Astrophotography can be a very rewarding discipline because capturing breathtaking photos of astronomical bodies such as stars, galaxies, and planets is extremely challenging. Yet, learning astrophotography can be difficult, especially if you’re just getting started. The 500 Rule astrophotography formula is one of the best methods for amateur astrophotographers to calculate the length of exposures they can take to photograph a target without a tracking device.
It’s difficult to say exactly who came up with or first suggested the astrophotography 500 Rule. But the rule has been around for a while, and astrophotographers have long acknowledged and used it.
The 500 rule astrophotography formula can help the astrophotographer take crisp, detailed pictures of celestial objects. According to the rule, you should divide 500 by your camera lens’s focal length to obtain the maximum exposure time in seconds in order to prevent star trails, which are streaks that appear in long-exposure photos of stars.

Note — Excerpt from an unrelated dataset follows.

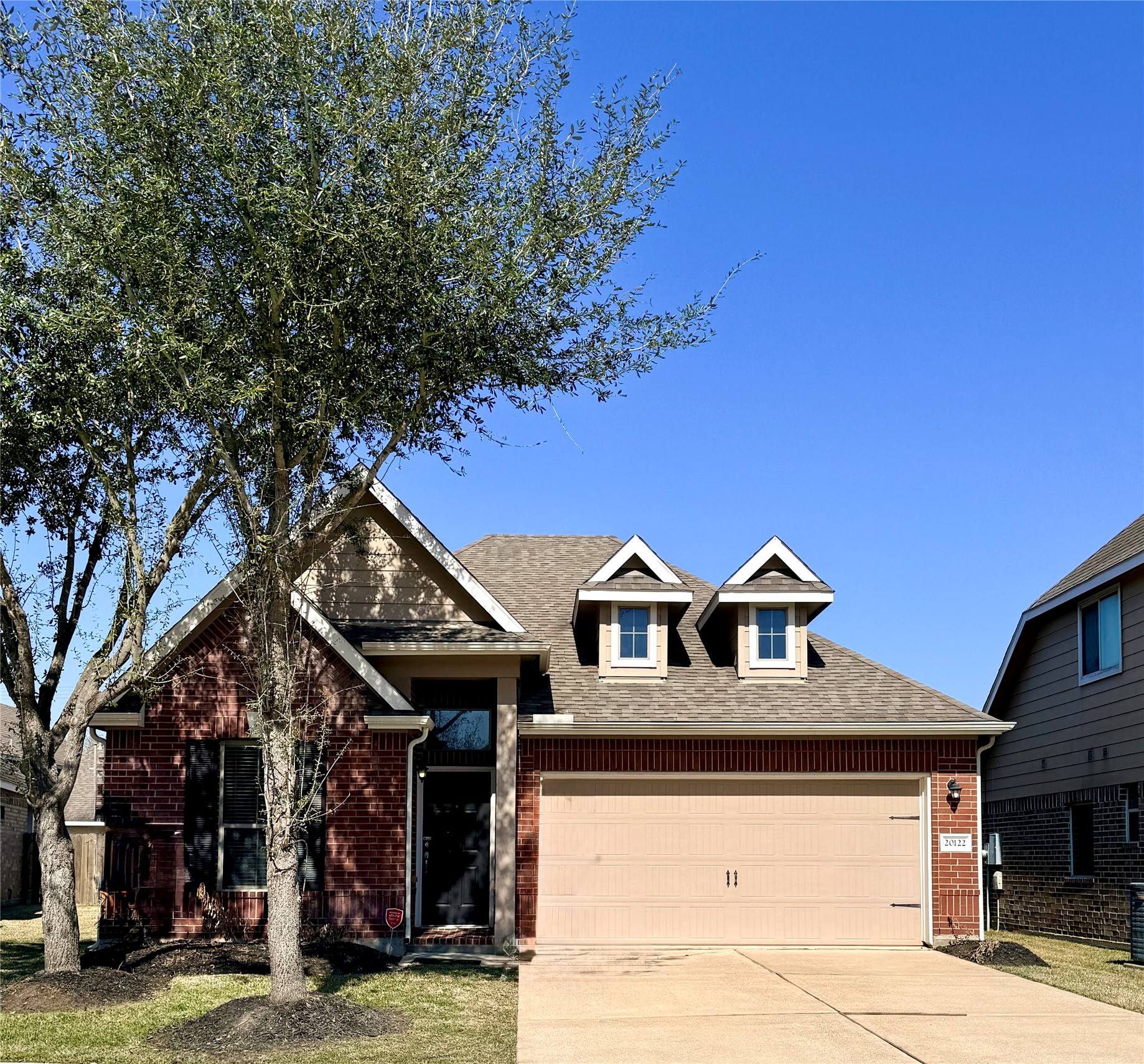 20122 Graphite Canyon Court Richmond, TX 77407 - Photo 26 of 27 Charming brick home with a two-car garage, inviting curb appeal, and character-enhancing dormer windows, nestled amid a well-maintained lawn and mature trees—perfect for those seeking a cozy suburban retreat.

As part of the 500 rule astrophotography calculation, we also have to take into account the size of the camera sensor.
For instance, if you were using a full-frame DSLR camera and a 50mm lens, you would divide 500 by 50 to get 10. This implies that star trails won’t appear when your image is exposed for a maximum of ten seconds. You would need to multiply the focal length by the crop factor to get the effective focal length (75mm) and then divide 500 by 75 to get the maximum exposure time (6.7 seconds) if you were using a crop-sensor camera with a 1.5x crop factor and the identical 50mm lens.

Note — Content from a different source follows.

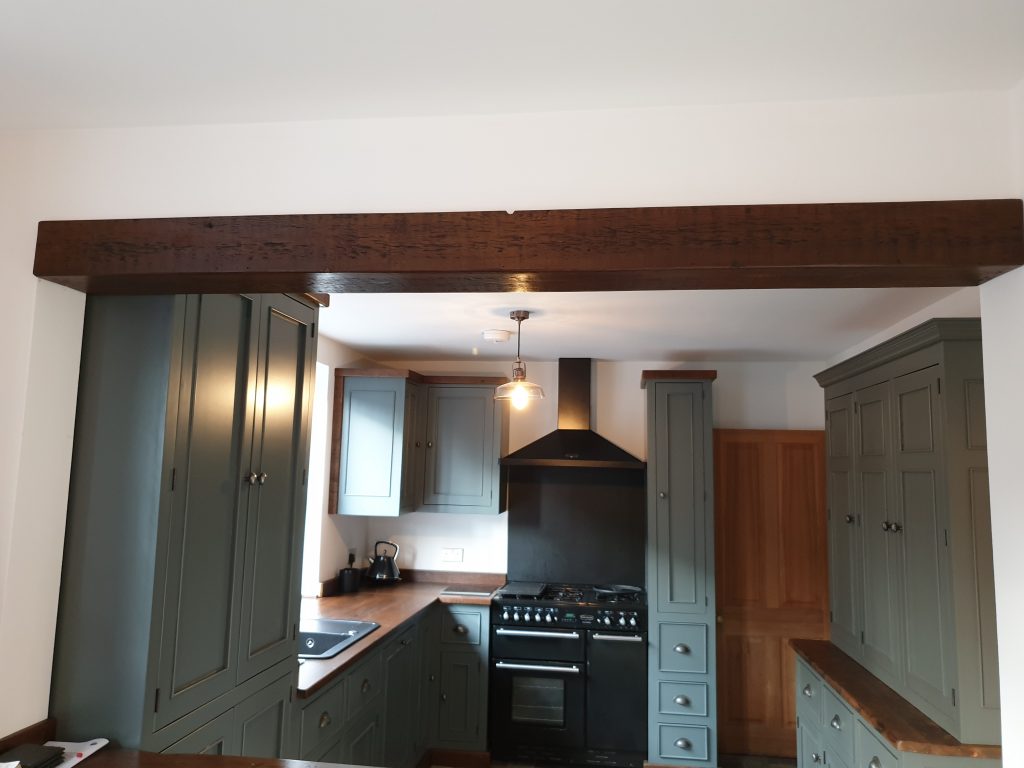 Bespoke kitchen with reclaimed wood beam in ceiling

The 500 rule is a general guideline, and it’s important to bear in mind that other factors, such as the celestial object’s altitude and the quality of the image, can also affect the maximum exposure duration.
One of the most popular astrophotography objects, the Milky Way, may be captured in exceptional detail using the 500 rule astrophotography formula. You’ll need a wide-angle lens with a large aperture (f/2.8 or wider) to let in as much light as you can to shoot the Milky Way. What’s more, you’ll need to choose a spot free of excessive light pollution, darker skies will enhance your image and make it easier to process the picture later.
Use the 500 Rule to establish the maximum exposure time after assembling your camera and lens. Then, play with various ISO values to achieve the ideal balance between exposure time and image noise. Generally speaking, using a higher ISO will let you utilize a shorter exposure time, but it will also make the image noise more noticeable. a lower ISO will result in a higher-quality image with less noise, but you will need to extend the exposure time. Check out this page to find out more about the camera settings you need to improve your astrophotos.
My Experience With the 500 Rule Astrophotography Formula
During the years since I started astrophotography, I have learned to use the 500 rule astrophotography formula only when I needed to take photos without any tracking, such as when on holiday or if I travel with just a tripod and camera.
It is very possible, I was surprised to find that amazing images can still e taken with relatively short exposures of 10 seconds or so. I was even more surprised, then, when I went to Bali last year and took only my DSLR camera with me. I placed it on a sturdy tripod and attached my Samyang 130mm or Canon widefield 35mm lens and proceeded to test what was possible.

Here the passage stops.